» **Your instructions**
What is needed is the exact text of each line in the listing below from the one with "-100% Mulberry Silk" up to and including the one with "Moderný písací stôl", and no pictures.

» **Provided data**
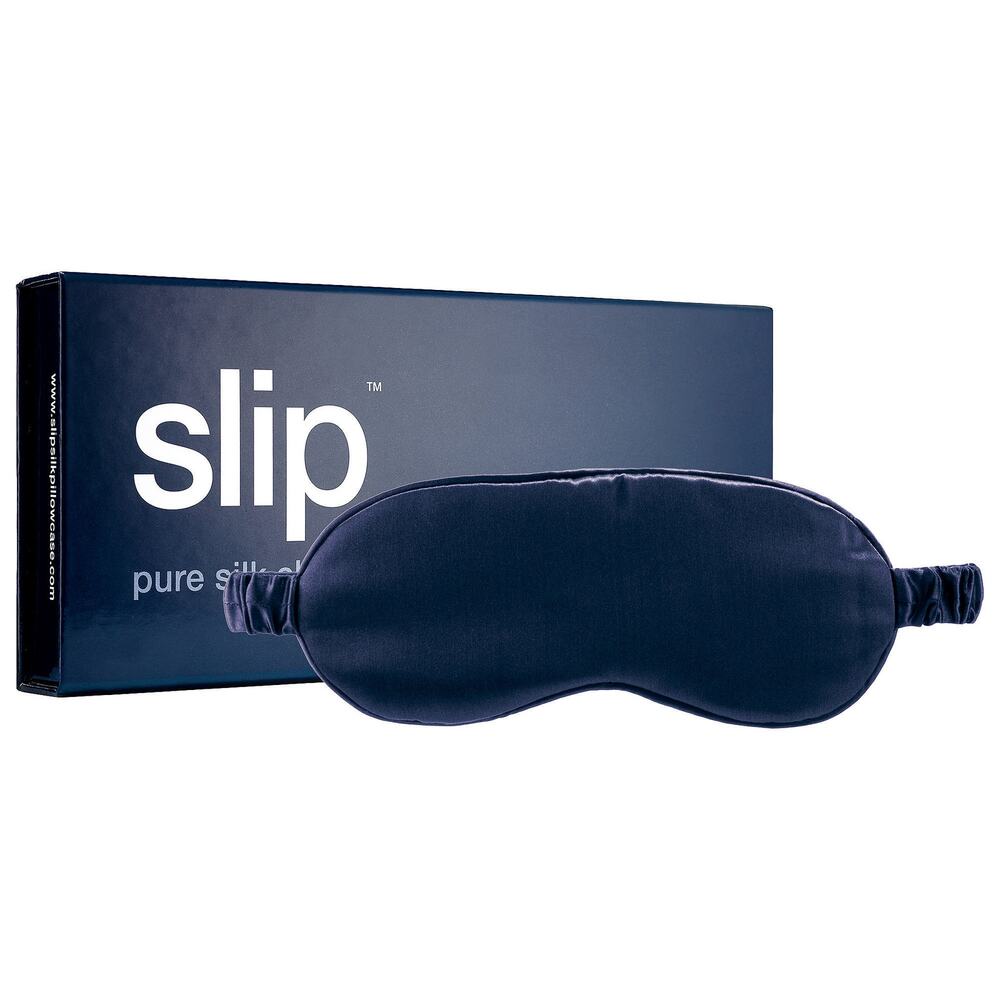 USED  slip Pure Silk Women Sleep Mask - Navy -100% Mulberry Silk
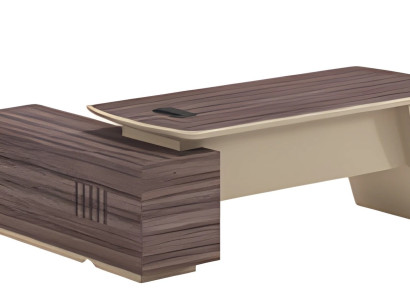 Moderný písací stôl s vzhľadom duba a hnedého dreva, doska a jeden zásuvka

---

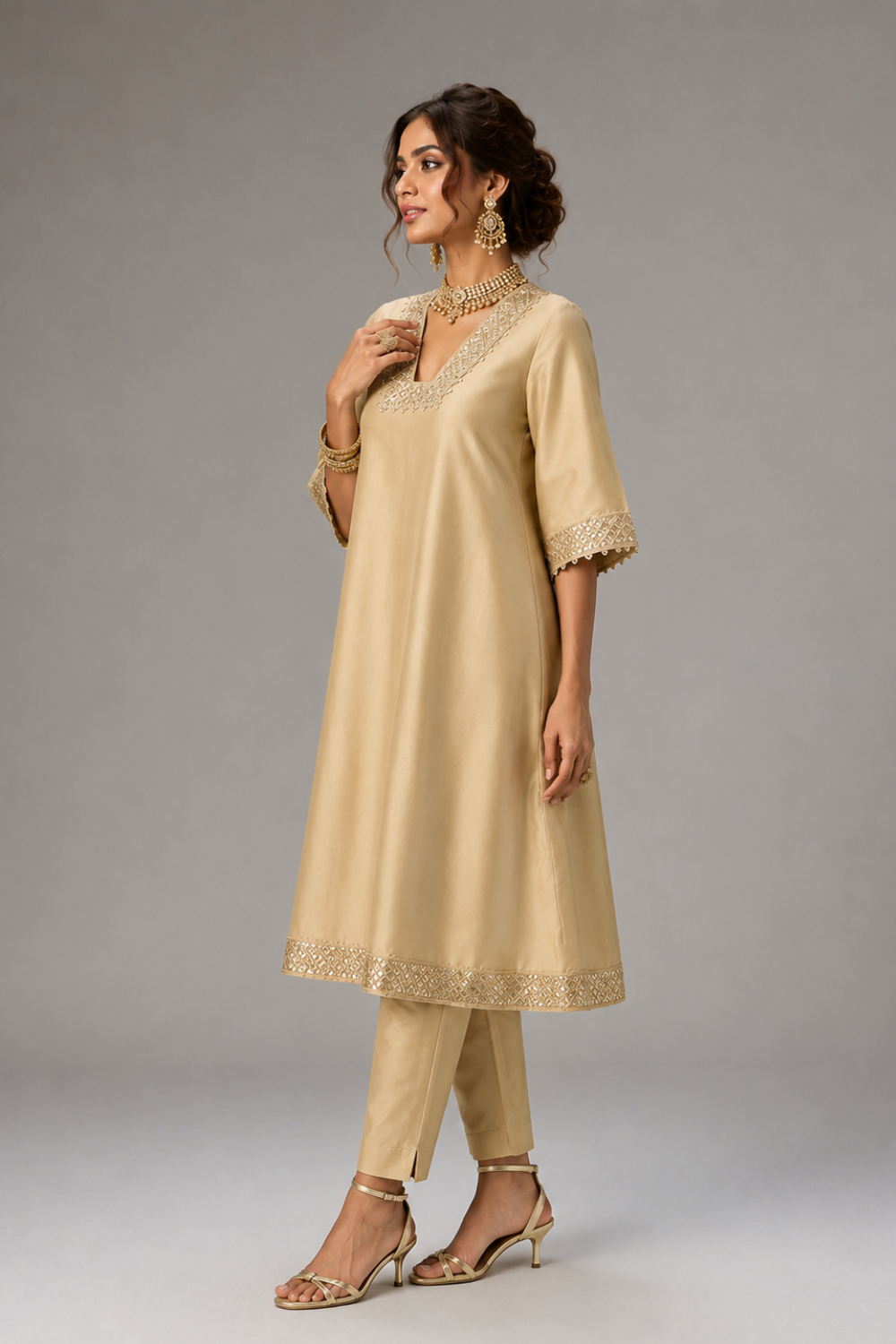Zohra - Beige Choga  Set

» **Result of this exercise**
 USED  slip Pure Silk Women Sleep Mask - Navy -100% Mulberry Silk
 Moderný písací stôl s vzhľadom duba a hnedého dreva, doska a jeden zásuvka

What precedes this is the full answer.